The people in Colombia are great the buses not so much….I firmly believe they have the worst transport system in all of South America. It really is a joke. So we had planned on making the very acceptable 120km journey from Guadalupe to Villa de la Levya. This turned into a disastrous 12 hour journey requiring 4 different buses. 9 months of backpacking has turned me into an expert at making the most out of bad situations. At this stage if anything is bad it’s an experience or a story ( and there have been plenty). It’s the only way of dealing with these situations otherwise you would go mad. Also time predictions don’t include the bus man’s compulsory stops for sopas, secundos, postres and god only knows what else they stop for. The beauty of travelling for 1 year is time is most definitely on my side. The other good rule of thumb is if they predict the journey will take 2 hours double it (at least!!).
We eventually arrived into Villa de la Levya and we didn’t regret it. It was definitely worth the effort. It is quite similar to Barichara but there is definitely a lot more happening here with lovely little coffee shops, ‘french’ bakeries and bars selling vino caliante! We explored the town and got some excellent coffee. We both decided to get overdue hair cuts. My last one was months ago, a DIY job from my Mexican friend Brenda. Nils’s had been only 2 weeks ago but he is definitely more into up keep than I am. The hairdresser asked me if I wanted wet hair, damp hair or dry hair so I treated myself and went for the dry hair. Really pushing the boat out!

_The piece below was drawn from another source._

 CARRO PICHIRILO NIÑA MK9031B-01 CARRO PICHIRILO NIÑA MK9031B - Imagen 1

Dinner was a delicious steak for Nils and Salmon for me followed by 2 mulled wines. Nils was absolutely frozen so I suggested bringing my minus 20 degree sleeping bag to the bar trying to get some use out of it. Needless to say my idea was rejected. The days of the Caribbean are well and truly over.

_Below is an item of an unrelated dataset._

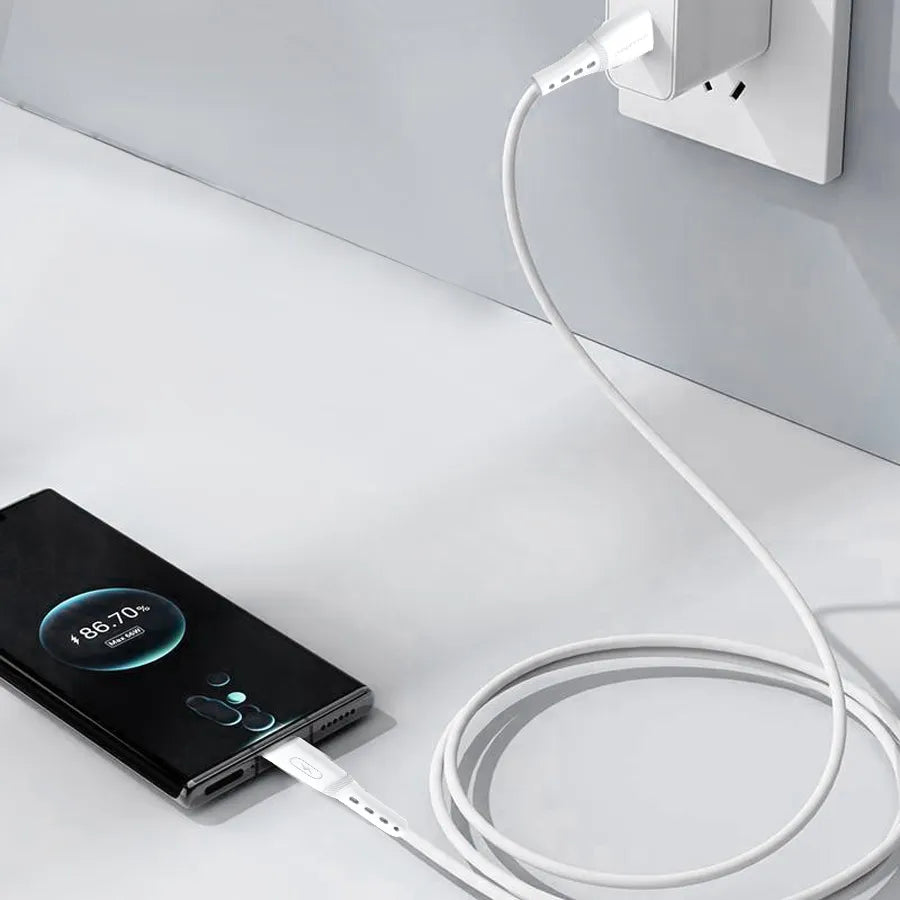 H'Maston SJX16 Cabo USB Reforçado 4.8A Rápido - Eleadermall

The next morning we explored the town some more and went up to the Christ for an amazing view of the city. A quick coffee and a few empanadas later we were bundled into a bus to Bogotá all going far too smoothly for our liking. We made record time of 2 ½ hours and made the last of the England Croatia match and even had time for 2 beers to celebrate Croatia’s win!
We decided to splurge on our last night together and stayed in a fancy hotel. When I say spurge I mean 20 euro per night. We couldn’t have looked more out-of-place. My backpack is a disgrace at the moment. Contents currently hanging outside backpack; a mattress, tent, sleeping bag, knicker bag, hiking boots, runners and a bikini so the hotel staff were delighted to see me coming. Without delay I made my way straight to the free food counter.
It was our last night together as Nils was ending his 6 month trip by finishing in Cuba. We went to a rooftop bar (we were v lucky to get in). There were stunning views of Bogotá with live Cuban music. People watching the rich civilians of Bogotá was most enjoyable. We usually only drink aquila beer for 3,000 pesos (less than 1 euro) but we stretched the budget and went for delicious mojitos.
Like I’ve said before the Colombian food is OK. It is acceptable but nothing you would be getting excited about. The exotic fruits are probably the best thing going for them. When researching restaurants for once I opted for the most un traditional option; French. It was amazing from start to finish. We got free nibbles at the beginning (always a good sign). We went for aubergine and goats cheese starter with homemade warm bread (not laden down with sugar!). Mains were filet steak with béarnaise and salmon. Sides were potato gratin, ratatouille and salad. All this washed down with Chilean red wine. Dessert was café gourmand where we split 4 mini desserts; crème brule, chocolate mousse, marinated oranges, and a chocolate and orange tart. Gorgeous. I loved it all and it was certainly a welcomed changed from the reliable arepas. We were even given freshly made bread rolls as a present going home. Thanks so much Assumpta for the most delicious treat it was so nice for one night not to feel like a backpacker.